Love gives all so sinners can receive all.
This is the pivot point of the Gospel. Everything Jesus gave on the cross was a divine exchange. It happened so we could identify with Him as He identified with us and receive His full spiritual inheritance – every promise of God that is fulfilled in Him. All leaves nothing out. It covers everything, because Jesus took our place so we could share His. The remarkable truth is that God’s love gives all because we could never earn or deserve it. We could never, in our own ability, hope to obtain it for ourselves. It’s freely given, without expectation and without conditions we can never meet. More than this, it will never be withdrawn. It’s eternal love, not temporary love. His love for us isn’t dependent on whether we meet His expectations. He loves us even though He knows that, a lot of the time, He can’t necessarily trust us.

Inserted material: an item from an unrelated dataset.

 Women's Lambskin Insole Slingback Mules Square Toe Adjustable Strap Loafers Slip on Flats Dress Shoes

There is erroneous understanding in the church of God’s ‘unconditional’ love. Nowhere in the Bible does it ever say that He loves us just the way we are. This error suggests that there is no need for change or transformation, that He is quite happy for us to continue as we were before salvation. The real truth is that we’re told to come as we are because He loves us despite how we are. The unconditional love teaching encourages spiritual complacency, and the result of this is that many believers do not receive the ‘all’ He has given us. To say love gives all means that God’s perfect love holds nothing back. Everything we need for life and faith is already given. If we’re not walking in it it’s because we’ve not received it. We haven’t ‘unwrapped’ it and begun to use it, making it ours.

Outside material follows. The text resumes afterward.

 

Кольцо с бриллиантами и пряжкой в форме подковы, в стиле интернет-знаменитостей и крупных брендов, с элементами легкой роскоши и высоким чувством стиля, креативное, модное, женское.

We must live the truth that love gives all.
Today’s verse highlights the visible demonstration of God’s love through Christ and the cross. This demonstration is an eternal event, but it also lives on in each one of us. Jesus is in us, and His work continues through us. In Him, our purpose is to reveal the glory and power of God but also His love. It’s a challenge, because we’re called on to love even the unlovely as He did. Love gives all isn’t only about us receiving. It’s about us giving freely of all we are and have. We are to live the second commandment to love others with the same complete passion with which we live the first to love God. Our demonstration of God’s love to the world includes receiving from Him and giving His love to others. We are the tangible evidence of the cross and a love that is perfect and complete.
Thank You, Lord, that You’re so much greater than the ‘rules’ and expectations of the world. Thank You for Your eternal, all-encompassing love that we could never earn or deserve. Help us to walk in the truth that You can be trusted in all things and circumstances. Most of all, help us to love others with Your perfect love, holding nothing back, so that You can be revealed in all we do and say.